Free public lecture "When Galaxies Collide", Sydney
Richard de Grijs is a Professor of Astrophysics at the Kavli Institute for Astronomy & Astrophysics and Department of Astronomy, Peking University (China). He is in Australia as the recipient of the Selby Travelling Fellowship for Excellence in Science, awarded by the Australian Academy of Science.
His research interests focus on the processes of star and star cluster formation in gravitationally interacting, colliding and "starbursting" galaxies. He is Deputy Editor-in-Chief of The Astrophysical Journal Letters and a member of the editorial board of the Communicating Astronomy with the Public journal.

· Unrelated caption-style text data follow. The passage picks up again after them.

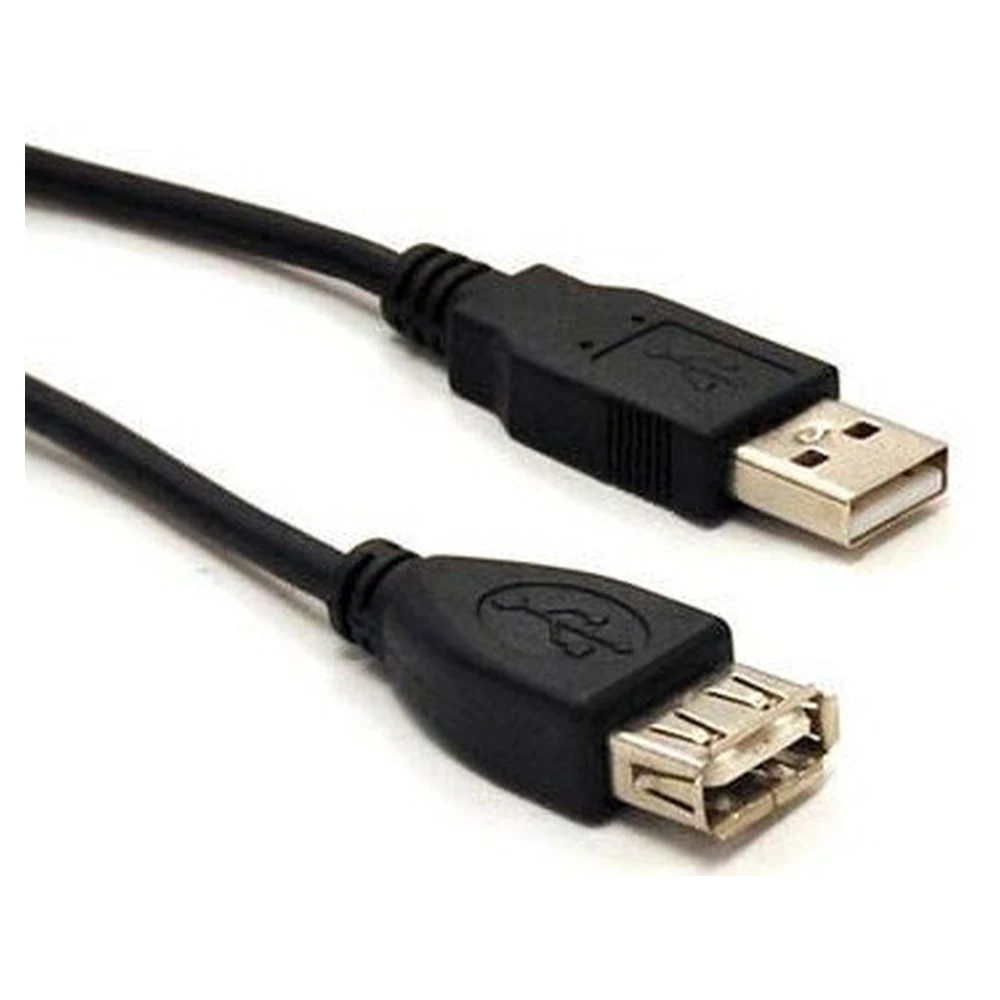 Extensión USB BRobotix 102334 - Macho/Hembra - 1.8 mts - Negro - 102334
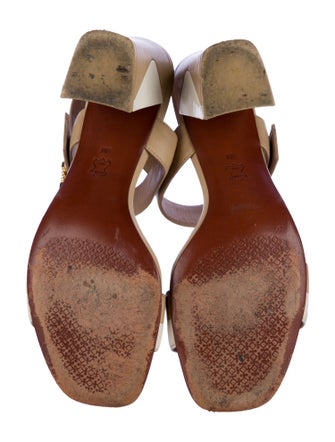 Tory Burch Leather Slingback Sandals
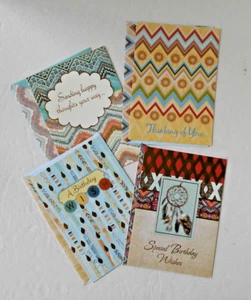 GREETING CARDS 4 DESIGNS WITH MATCHING ENVELOPS ~ NEW - Picture 1 of 9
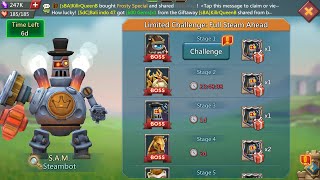 Lords mobile limited Challenge: Full Steam Ahead stage 1 | limited chellenge Steambot stage 1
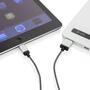 Дата кабель USB 2.0 AM to Lightning 0.3m silver Verbatim (48854) - 3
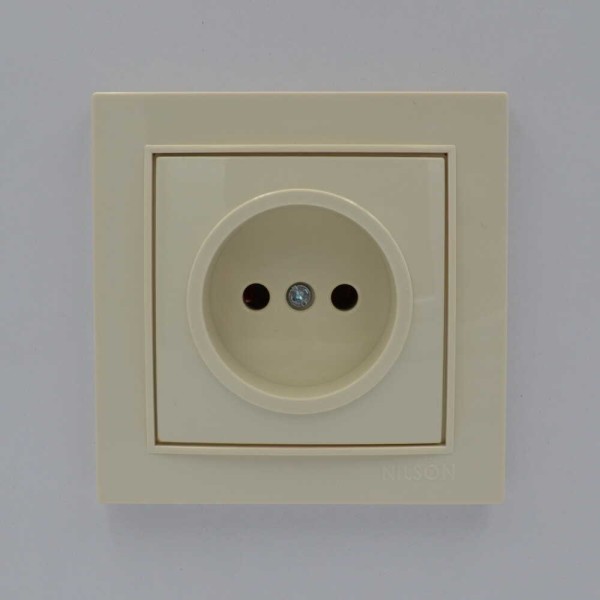Розетка Nilson Thor кремова 1-на без заземлення ( 27121015 ) - фото №1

Studying galactic interactions is like sifting through the forensic evidence at a crime scene. Astronomers wade through the debris of a violent encounter, collecting clues so that they can reconstruct the celestial crime to determine when it happened. Take the case of Messier 82, a small, nearby galaxy that long ago bumped into its larger neighbour, Messier 81. When did this violent encounter occur? New infrared and visible-light pictures from the Hubble Space Telescope reveal for the first time important details of large clusters of stars, which arose from the interaction. The talk focuses on the train wrecks resulting from galaxy collisions and the implications for us in the Milky Way.